Using this implementation I have included attention to my RNN (which classify the input sequences into two classes) as follows.
visible = Input(shape=(250,))
embed=Embedding(vocab_size,100)(visible)
activations= keras.layers.GRU(250, return_sequences=True)(embed)
attention = TimeDistributed(Dense(1, activation='tanh'))(activations)
attention = Flatten()(attention)
attention = Activation('softmax')(attention)
attention = RepeatVector(250)(attention)
attention = Permute([2, 1])(attention)
sent_representation = keras.layers.multiply([activations, attention])
sent_representation = Lambda(lambda xin: K.sum(xin, axis=1))(sent_representation)
predictions=Dense(1, activation='sigmoid')(sent_representation)
model = Model(inputs=visible, outputs=predictions)
I have trained the model and saved the weights into weights.best.hdf5
file.
I am dealing with binary classification problem and the input to my model is the one hot vectors (character based).
How can I visualize the attention weights for certain specific test case in the current implementation?

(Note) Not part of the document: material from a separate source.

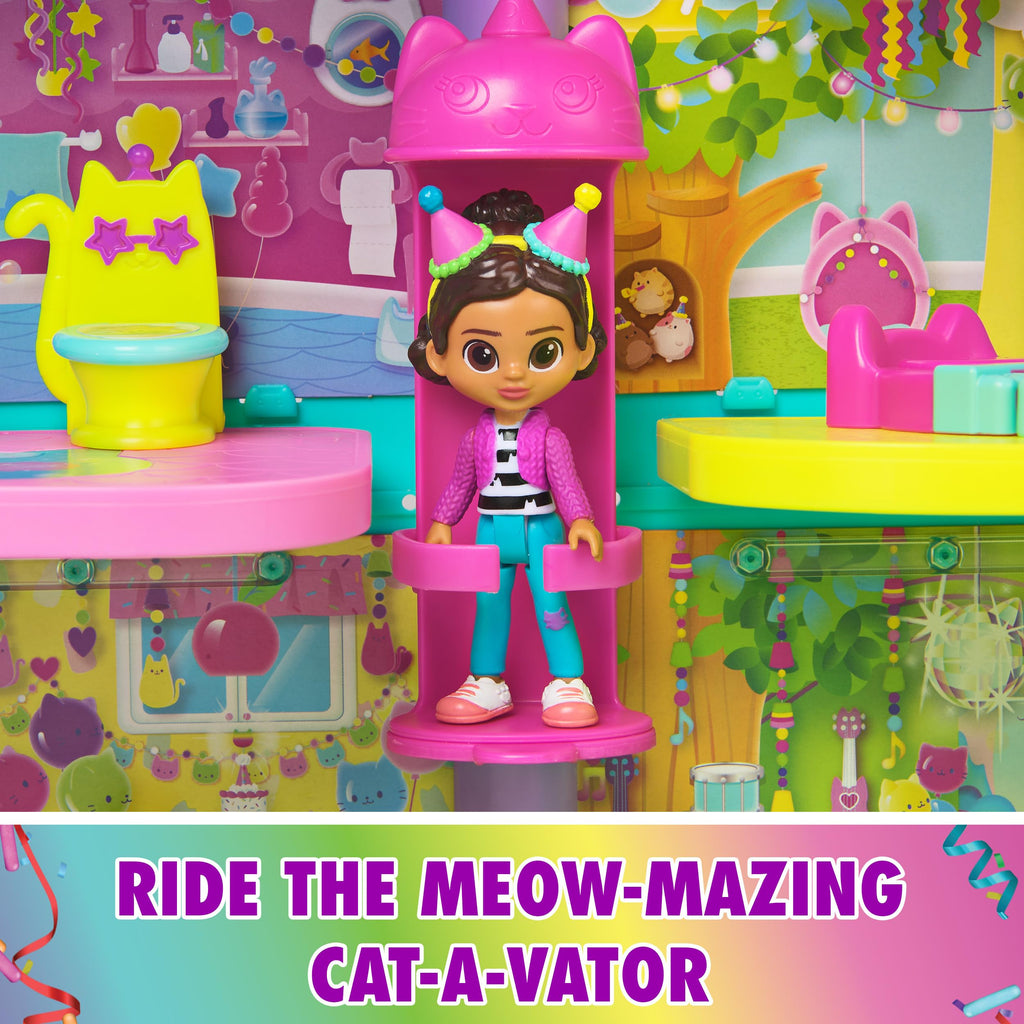 Gabby's Dollhouse, 14 Pc Celebration Dollhouse, 25-Inches Tall, with Toy Figures, Doll House Furniture & 10 Sounds, Kids Toys for Girls & Boys Ages 3+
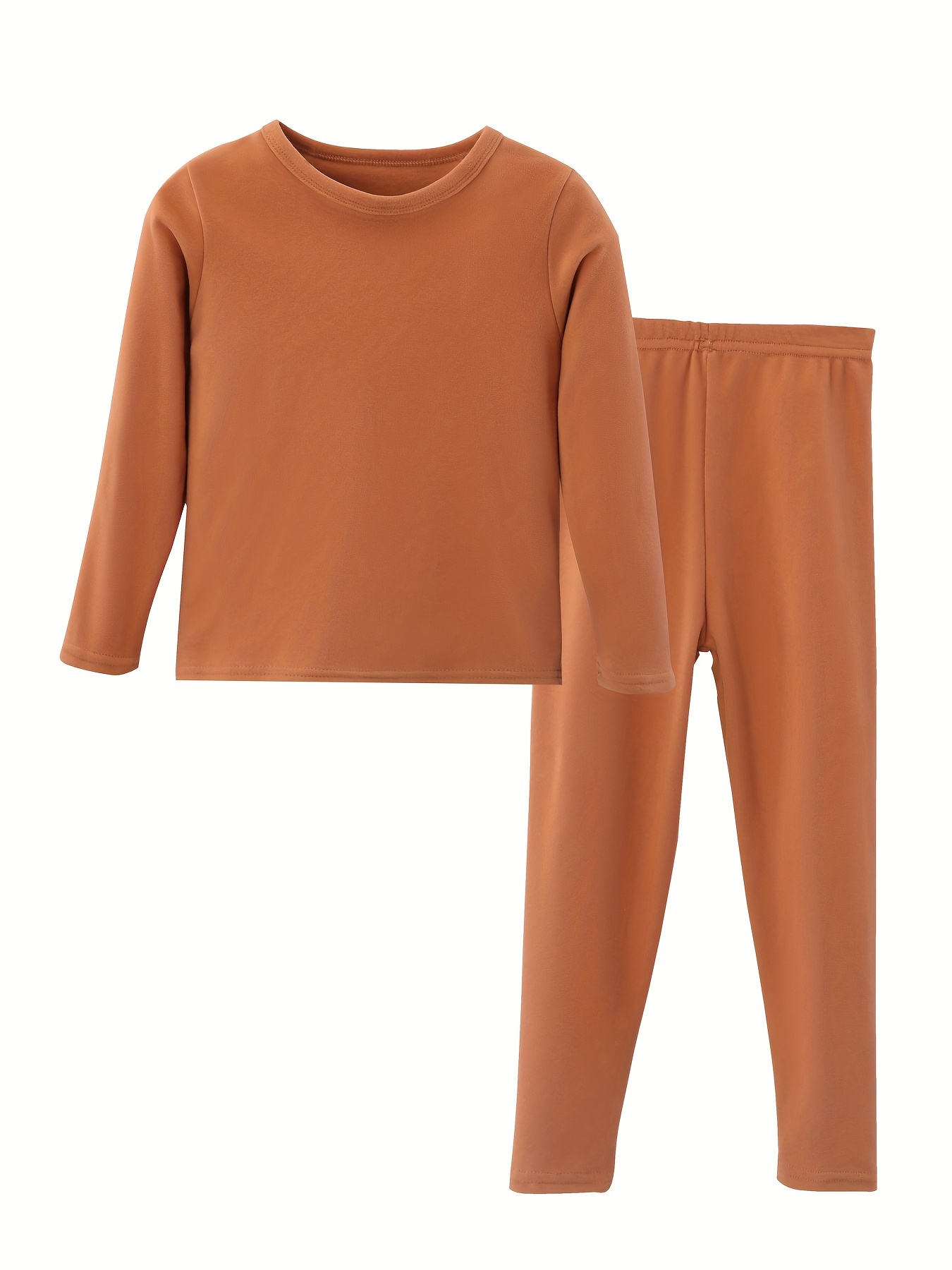 Girl's Thermal Underwear Solid Color Slim Fit Top Pants Soft - Temu Canada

Visualizing attention is not complicated but you need some tricks. While constructing the model you need to give a name to your attention layer.
(...)
attention = keras.layers.Activation('softmax', name='attention_vec')(attention)
(...)
On loading saved model you need to get the attention layer output on predict.
model = load_model("./saved_model.h5")
model.summary()
model = Model(inputs=model.input,
outputs=[model.output, model.get_layer('attention_vec').output])
Now you can get the output of model and also the attention vector.
ouputs = model.predict(encoded_input_text)
model_outputs = outputs[0]
attention_outputs = outputs[1]
There are lots of visualising approach of attention vector. Basically the attention output is a softmax output and they are between 0 and 1. You can change these values to rgb codes. If you are working on a Jupyter notebook this following snippet helps you to understand consept and visualise:
class CharVal(object):
def __init__(self, char, val):
self.char = char
self.val = val
def __str__(self):
return self.char
def rgb_to_hex(rgb):
return '#%02x%02x%02x' % rgb
def color_charvals(s):
r = 255-int(s.val*255)
color = rgb_to_hex((255, r, r))
return 'background-color: %s' % color
# if you are using batches the outputs will be in batches
# get exact attentions of chars
an_attention_output = attention_outputs[0][-len(encoded_input_text):]
# before the prediction i supposed you tokenized text
# you need to match each char and attention
char_vals = [CharVal(c, v) for c, v in zip(tokenized_text, attention_output)]
import pandas as pd
char_df = pd.DataFrame(char_vals).transpose()
# apply coloring values
char_df = char_df.style.applymap(color_charvals)
char_df
To summarize you need to get attention outputs from model, match outputs with inputs and convert them rgb or hex and visualise. I hope it was clear.